■ **EXERCISE**: Would you return exactly the lines below from the line with "Excellent Houseware Soepkommen/serveer" through the line with "Contact wire suspension", both included, and nothing else, leaving out the pictures?

■ **AVAILABLE DATA**:
####################
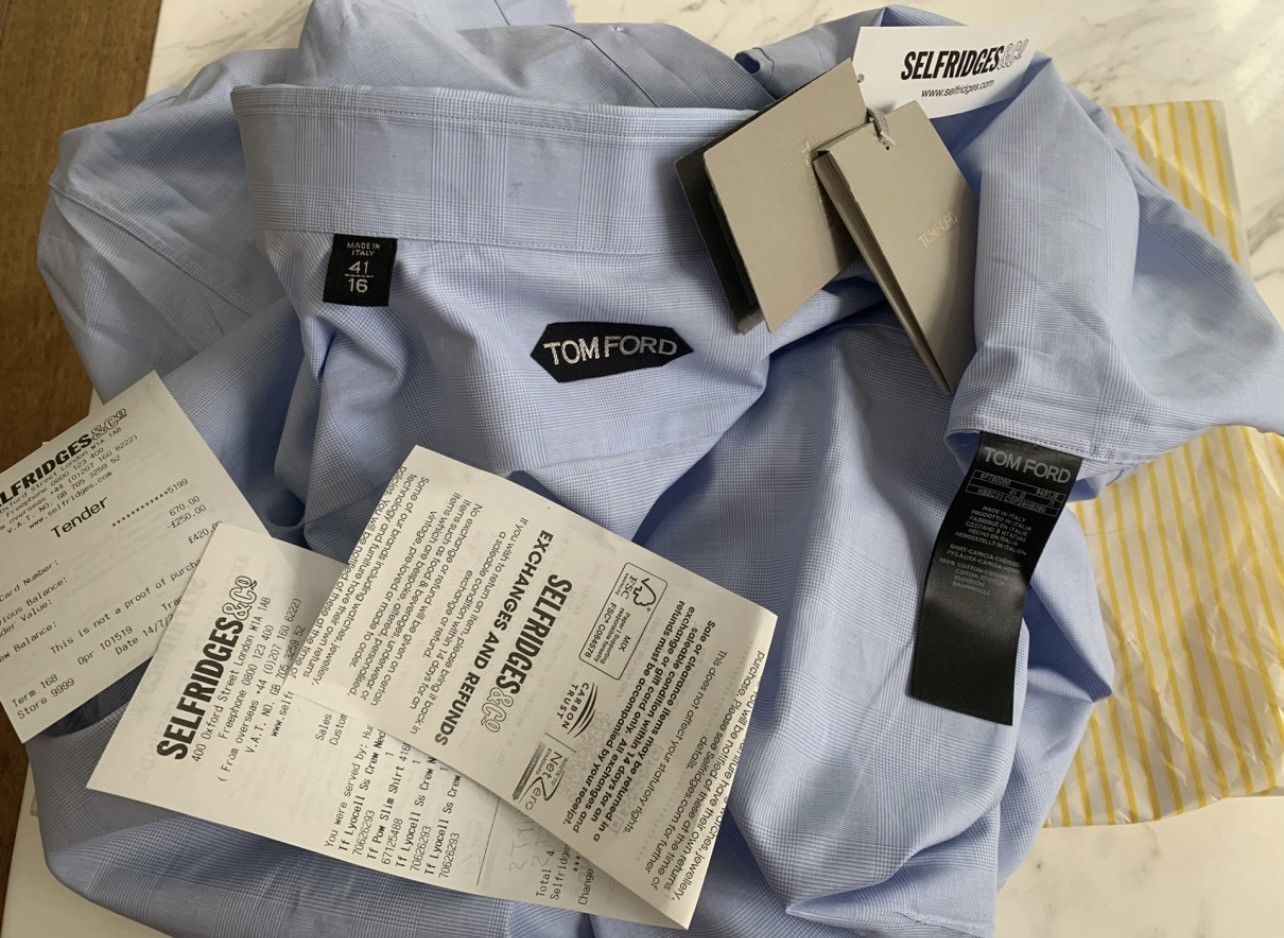 Tom Ford TOM FORD dress Shirt 41 / 16 blue tartan Size US L / EU 52-54 / 3 - 6 Thumbnail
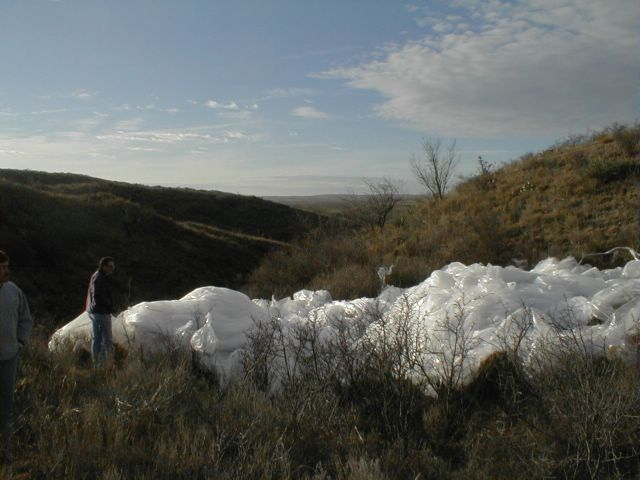 The balloon carcass. It was recovered to study the nature of the failure. (Image: Mike Smith)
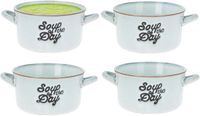Excellent Houseware Soepkommen/serveer schaaltjes - 6x - porselein - 500ml - lichtblauw - met oor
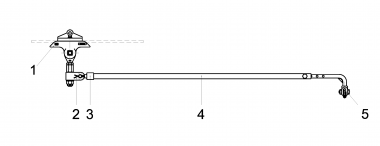 Contact wire suspension TW with line insulator type 1, in auto-tensioned system to cross-span of synthetic material 0-4° with 1 adjustable steady arm M16 SST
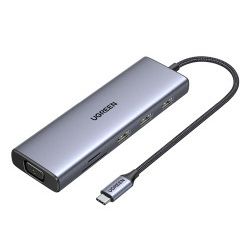 UGREEN USB Hub 9 in1, USB-C na HDMI 4K 60, VGA, USB-C PD 100W, 3x USB-A, RJ45, čitač kartica SD/TF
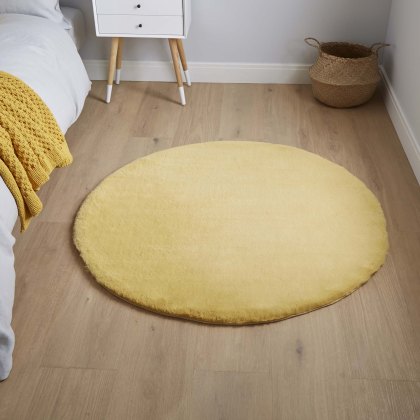 Teddy Circle Rug 120x120cm Yellow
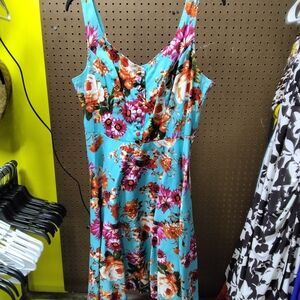 Floral Sleeveless Dress - Blue and Orange
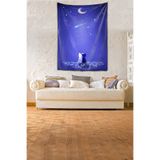 Ontheclouds Kedi Ay Desenli Yıkanabilir Leke Tutmaz Mikropetek Kumaş Duvar Örtüsü Duvar Halısı Tapestry, 70 x 100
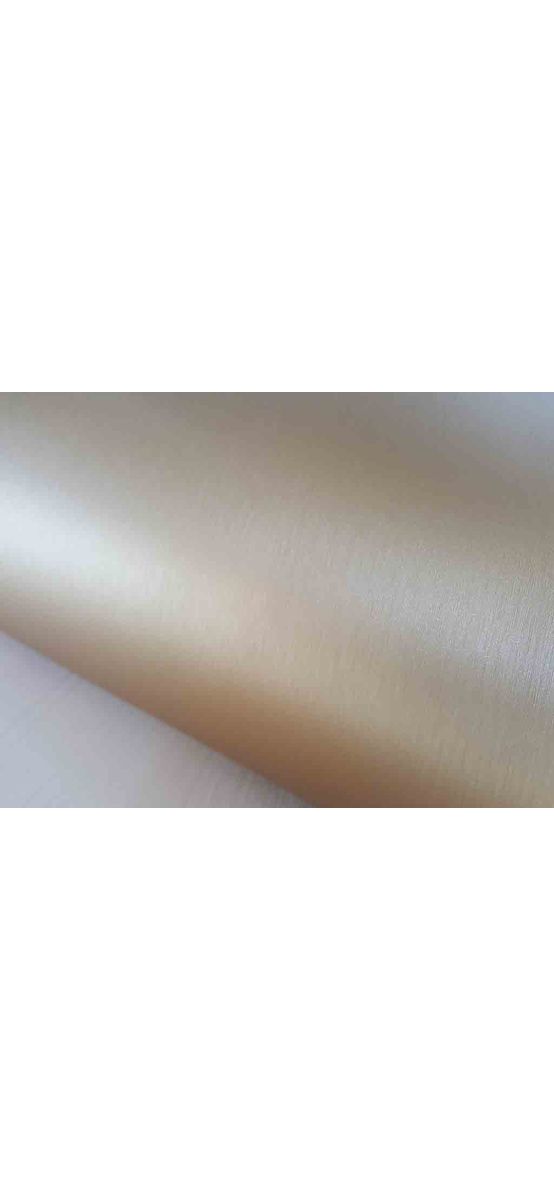 Autocolant auriu mat cu efect metalic Brushed, folie autoadezivă bubblefree, rolă de 152x250 cm, cu racletă pentru aplicare
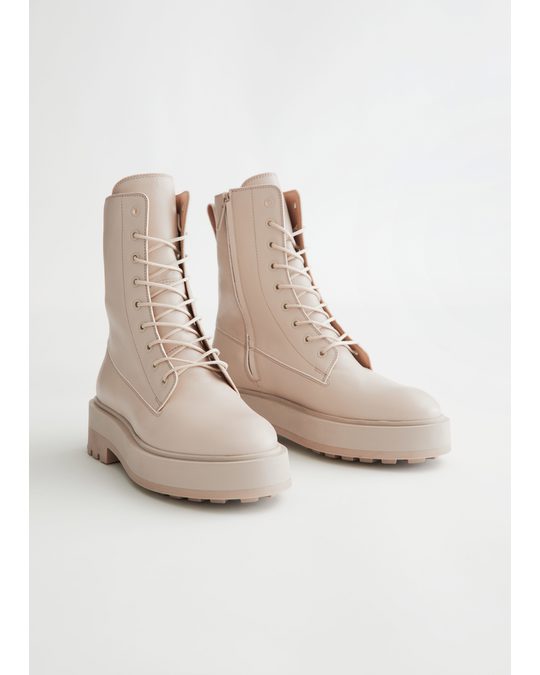 & Other Stories Chunky Leather Side Zip Boots Beige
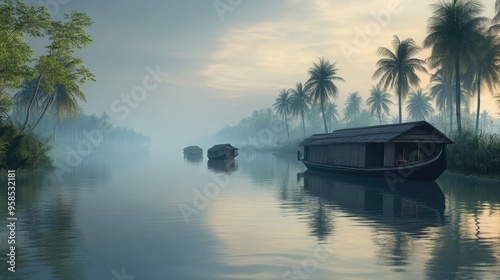The peaceful backwaters of Kerala, with traditional houseboats floating quietly on the water, captured in a moment of tranquility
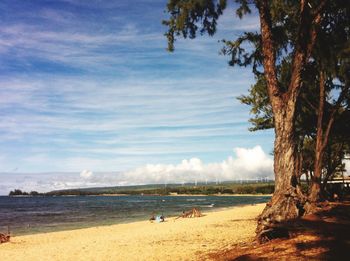 Scenic view of beach against sky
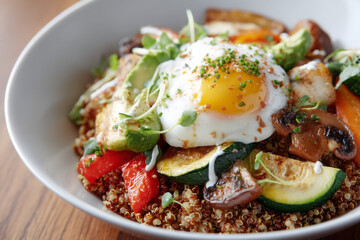Delicious quinoa bowl with grilled vegetables, poached egg, and fresh herbs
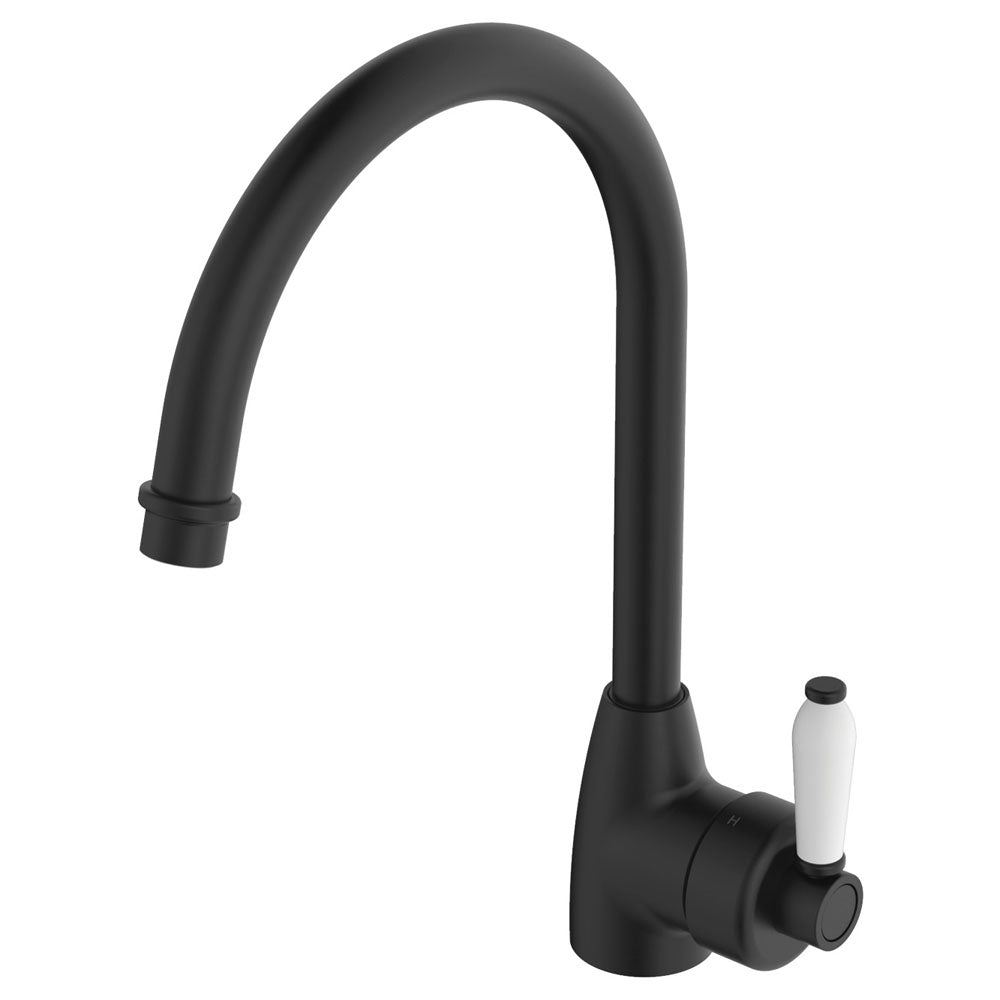 Eleanor Gooseneck Sink Mixer, Matte Black / Ceramic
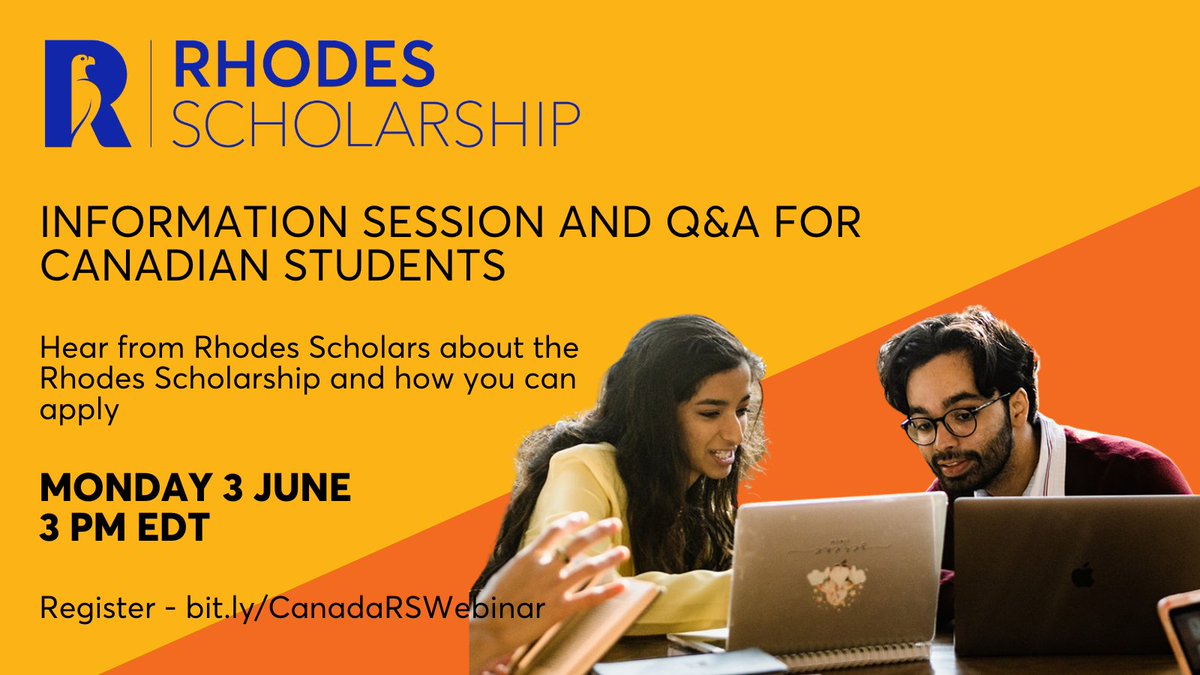 Calling all students from #Canada
Join us on 3 June at 3pm EDT to learn more about the #RhodesScholarship and hear from recent Canadian #RhodesScholars about their application journey and Oxford experience.
bit.ly/CanadaRSWebinar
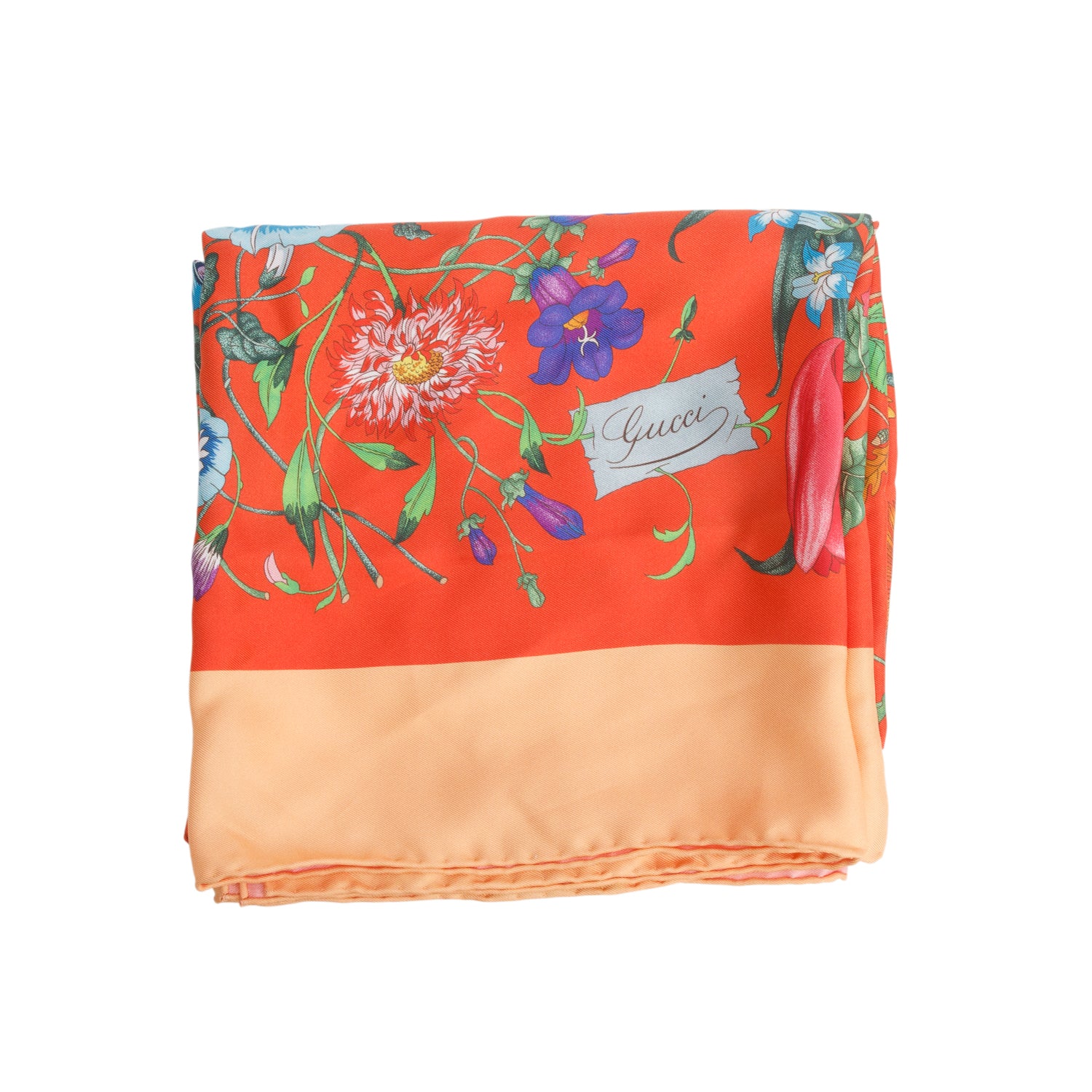 Gucci Multicolor Flora Print Silk Scarf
####################
■ **SOLUTION**:
Excellent Houseware Soepkommen/serveer schaaltjes - 6x - porselein - 500ml - lichtblauw - met oor
 Contact wire suspension TW with line insulator type 1, in auto-tensioned system to cross-span of synthetic material 0-4° with 1 adjustable steady arm M16 SST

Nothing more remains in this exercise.